The hit and miss count are kept in memory only for diagnostic purpose, so that the cache, during normal runtime with diagnostic disabled, doesn't slow his execution. When the diagnostics is enabled this values must be updated during every read or write operation. This update operation must be done in a thread-safe way; the solution to this inconvenient is to encapsulate all the read(or write) operation in a "synchronized" block,so that the entire writing or reading operation is done atomically.

The cached tile status has almost all his fields immutables, instantiated at the creation time, except the "timestamp" and the "action" ones. The first field is set when the tile is created and is updated every time any thread carries out an operation on the same tile. The "action" field is updated at every thread operation on the tile. This update operation are present only if the diagnostics is enabled and are inside the above descripted "synchronized" block for mantaining the atomicity of the operation.

As the user can see, the diagnostic mode defeats the scalbility provided by the ConcurrentLinkedHashMap. This drawback must be accepted for avoiding race-conditions or other inconvenient due to the lack of thread-safety.

This cache implementation has various methods imported by the TileCache and the CacheDiagnostics interface:

• Add tile/s;
• Get tile/s;
• Remove tile/s;
• Enable/disable diagnostics;
• Set/Get memory capacity;
• Set/Get memory threshold;
• Set/Get concurrency level;
• Get Hit/MissCount (only in diagnostic mode);
• Get memoryUsed;
• Get tile count;
• ResetCounts (only in diagnostic mode);
• Flush.

This methods are not supported because not useful to this cache:

• Set/Get tile capacity (deprecated);
• Set/Get comparator (ordering inside the ConcurrentLinkedHashMap)
• MemoryControl (internal eviction policy of ConcurrentLinkedHashMap).

The standard cache methods like add(), get() and remove() are done, in the non-diagnostic mode, simply calling the respective method inside the Map(put, get and remove). Otherwise, in the diagnostic mode, the observer notification methods( setChanged() , notifyObservers()), the updates on the tile status and on the hit/miss count are added for recording the whole cache status.

The flush() method clean the cache eliminating all the tile present and rebuild a new empty cache. In the non-diagnostic mode, the cleaning operation results only in a call to the ConcurrentLinkedHashMap method clear() . In the diagnostic mode instead, every singular tile is updated and then removed. After the tiles removal a new cache is rebuilt.

ResetCount() has a real utility only when the diagnostic mode is enabled, and simply set to 0 the hit and miss count. In non diagnostic mode it does nothing. This write operation is done in a "synchronized" block since hit and miss count are part of the cache status. The reading( get()) of this 2 variable instead is not surrounded by a "synchronized" block beacuse multiple reader can access them concurrently without modifying their status.

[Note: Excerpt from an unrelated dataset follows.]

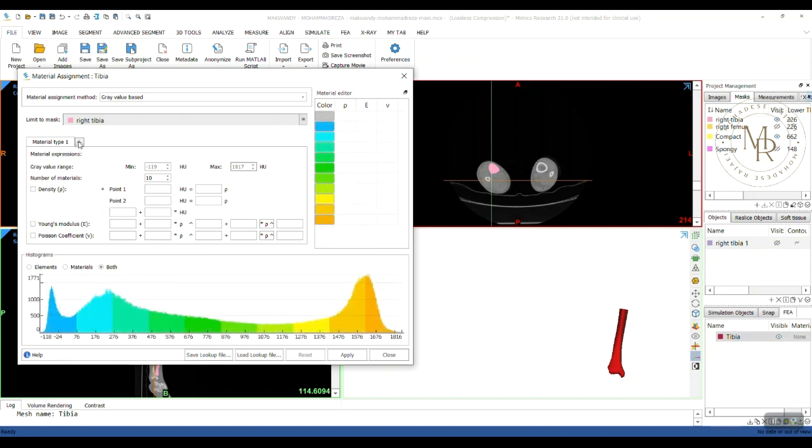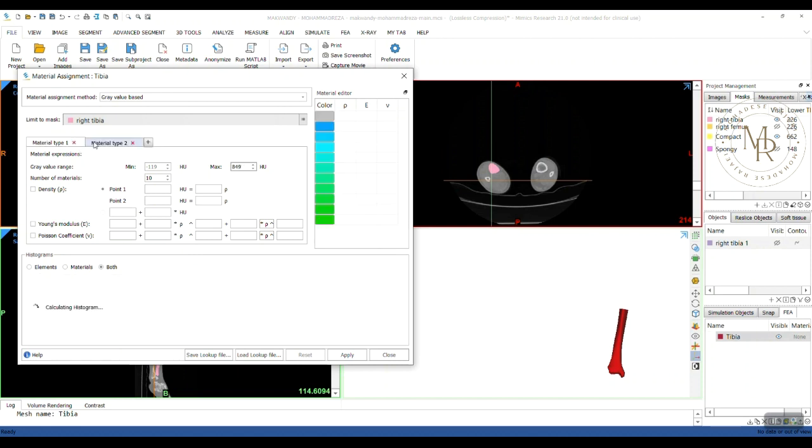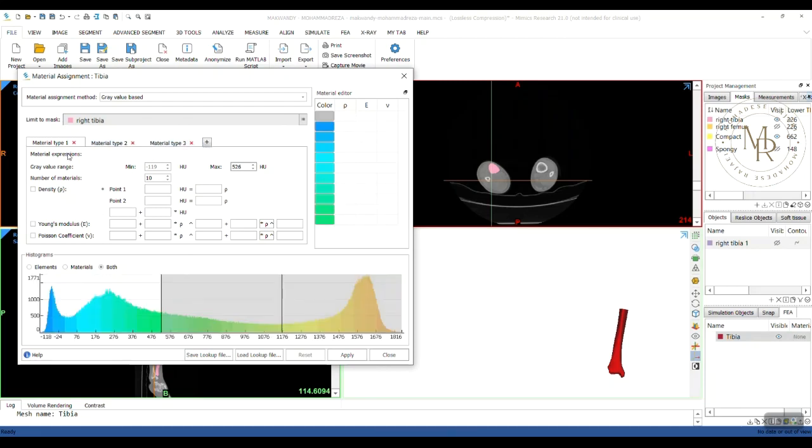So, by clicking on the plus, you can add three materials. Alright, for the first material, as you can see, the grayscale values are least. So, it must be the fat layer.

As said above, the tile internal status is updated only in diagnostics in a "synchronized" block. The change notification is send to the cache observers with the 2 methods setChanged() and notifyObservers(). The first indicates that some changes has been made to the cache, while the second notifies it to the observers.

In conclusion we can say that this TileCache implementation is similar to the precedent but used a different cache object that provide a different behaviour and eviction policy. From the test it is possible to check which of the two implementation is more scalable.